Caption-style text data
== Segment start ==

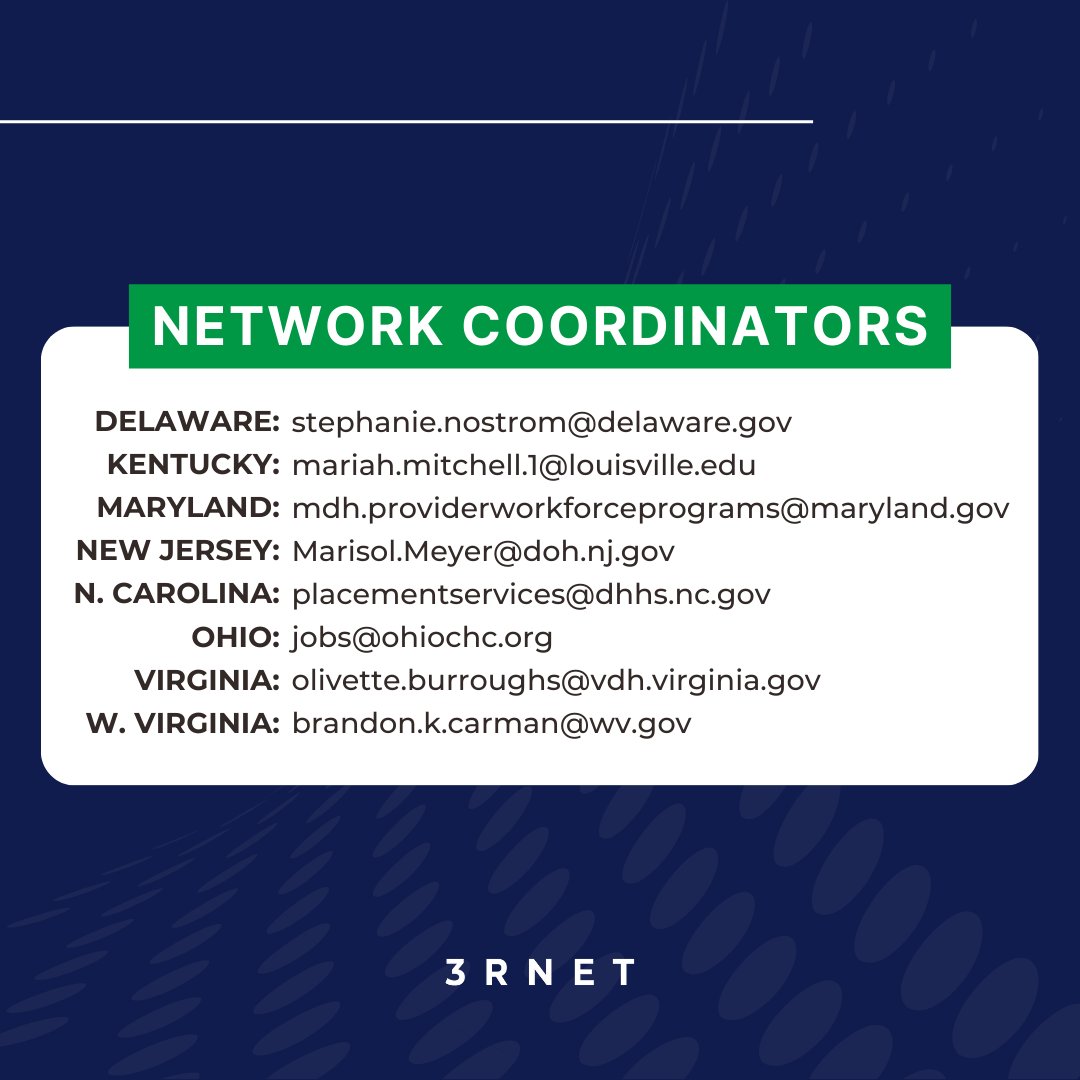 Here at 3RNET, we work with 54 Network Coordinators across the United States that act as the connector between job seekers [like you] and the rural and underserved employers in your state. 📍Delaware, Kentucky, Maryland, New Jersey, North Carolina, Ohio, Virginia, West Virginia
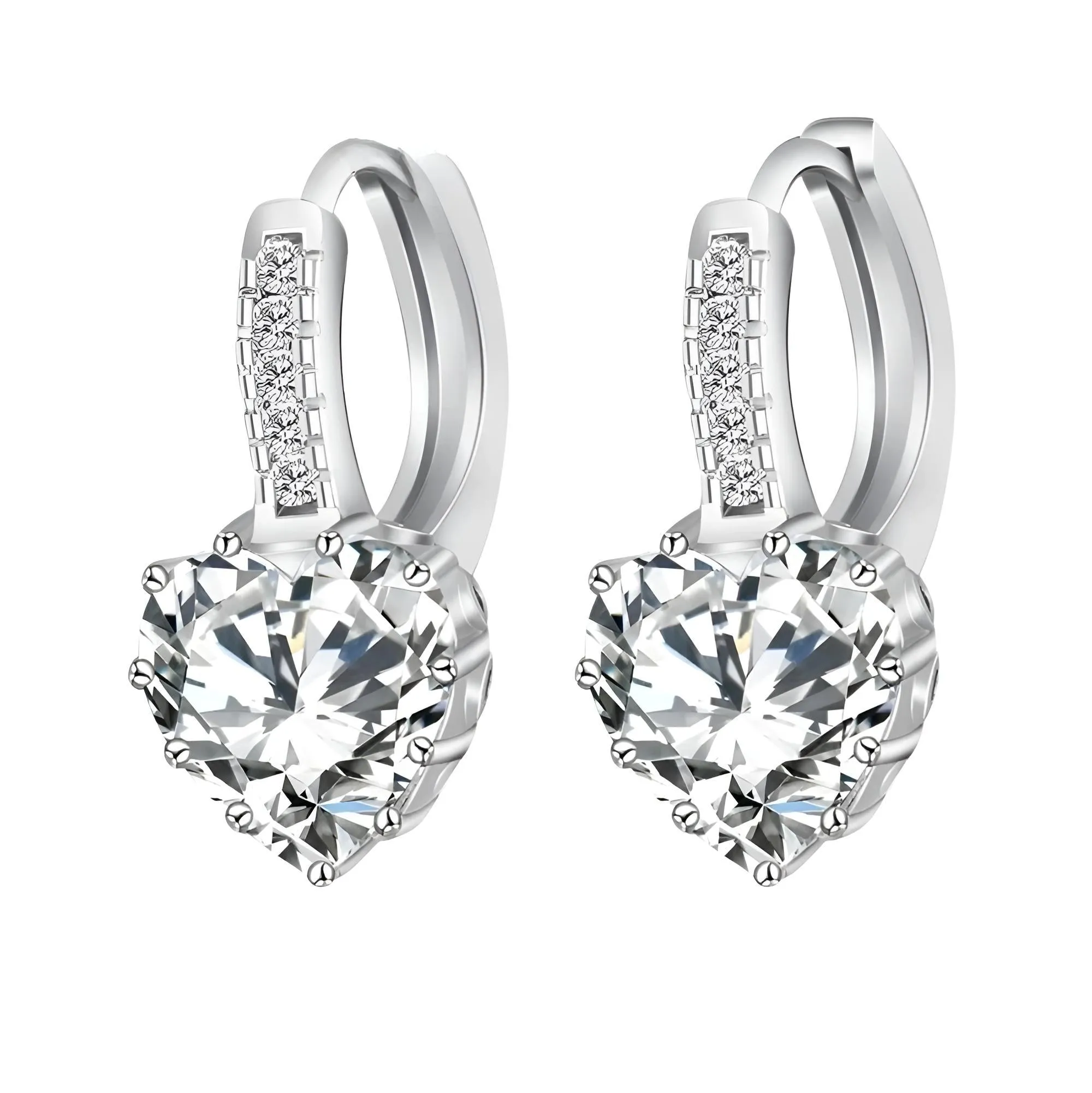 Romantic Heart Crystal Loop Earrings Lever Back Austrian Cubic Zircon 925 Sterling Silver Hoop Jewelry for Women Fashion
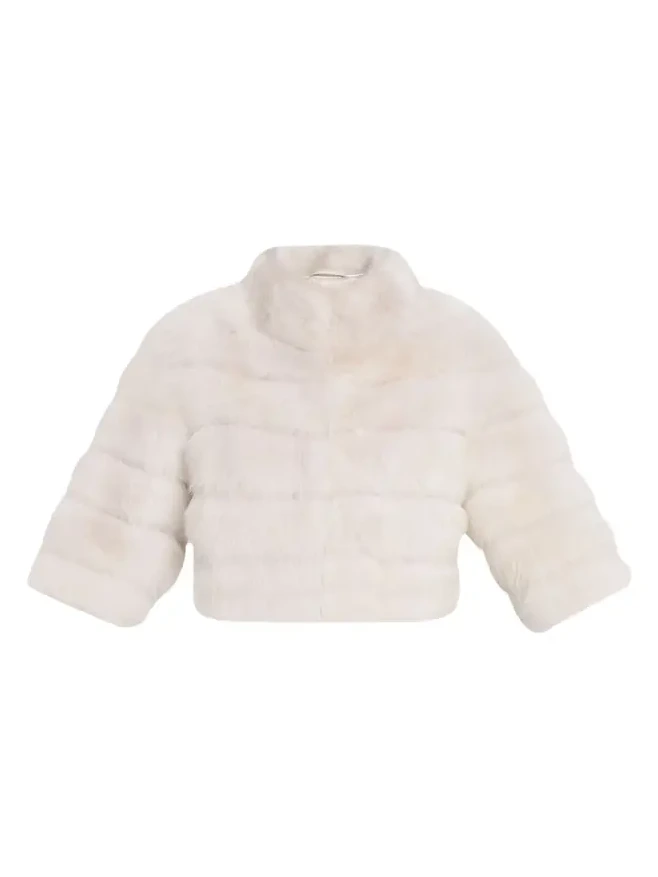 Lamb Shearling 3/4-Sleeve Crop Coat Lamb Shearling 3/4-Sleeve Crop Coat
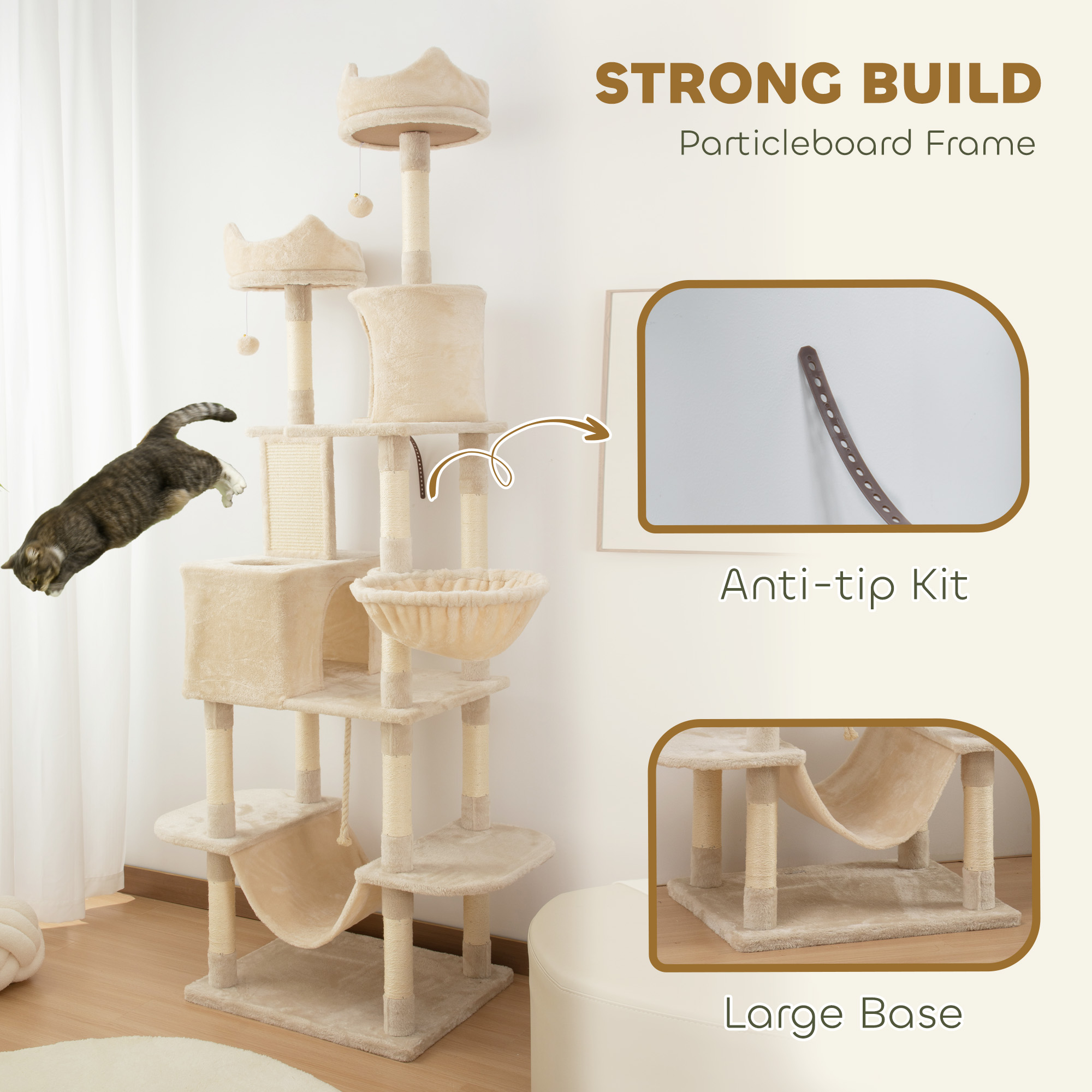 81" Large Cat Tree w/ Scratching Posts, Condos, Beds, Hammocks, Jumping Platforms, Toy Balls, Rope Cat Toy, Beige
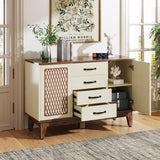 Tribesigns 4 Drawer Dresser, 47.2-Inch Farmhouse Chest of Drawer with 4-Tier Storage Shelves, Wood Dresser Organizer Cabinet for Bedroom Living Room Tribesigns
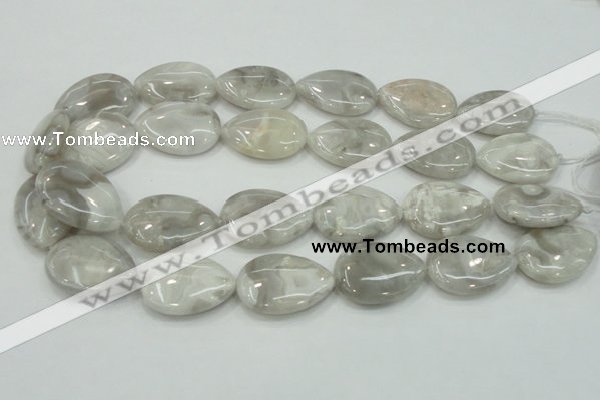 CAB910 15.5 inches 22*30mm flat teardrop natural crazy agate beads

== Segment end ==

### [WHAT YOU SHOULD DO]
Return the preceding entries exactly, each word as given, but leave out any picture.

### [TASK ANSWER]
 Here at 3RNET, we work with 54 Network Coordinators across the United States that act as the connector between job seekers [like you] and the rural and underserved employers in your state. 📍Delaware, Kentucky, Maryland, New Jersey, North Carolina, Ohio, Virginia, West Virginia
 Romantic Heart Crystal Loop Earrings Lever Back Austrian Cubic Zircon 925 Sterling Silver Hoop Jewelry for Women Fashion
 Lamb Shearling 3/4-Sleeve Crop Coat Lamb Shearling 3/4-Sleeve Crop Coat
 81" Large Cat Tree w/ Scratching Posts, Condos, Beds, Hammocks, Jumping Platforms, Toy Balls, Rope Cat Toy, Beige
 Tribesigns 4 Drawer Dresser, 47.2-Inch Farmhouse Chest of Drawer with 4-Tier Storage Shelves, Wood Dresser Organizer Cabinet for Bedroom Living Room Tribesigns
 CAB910 15.5 inches 22*30mm flat teardrop natural crazy agate beads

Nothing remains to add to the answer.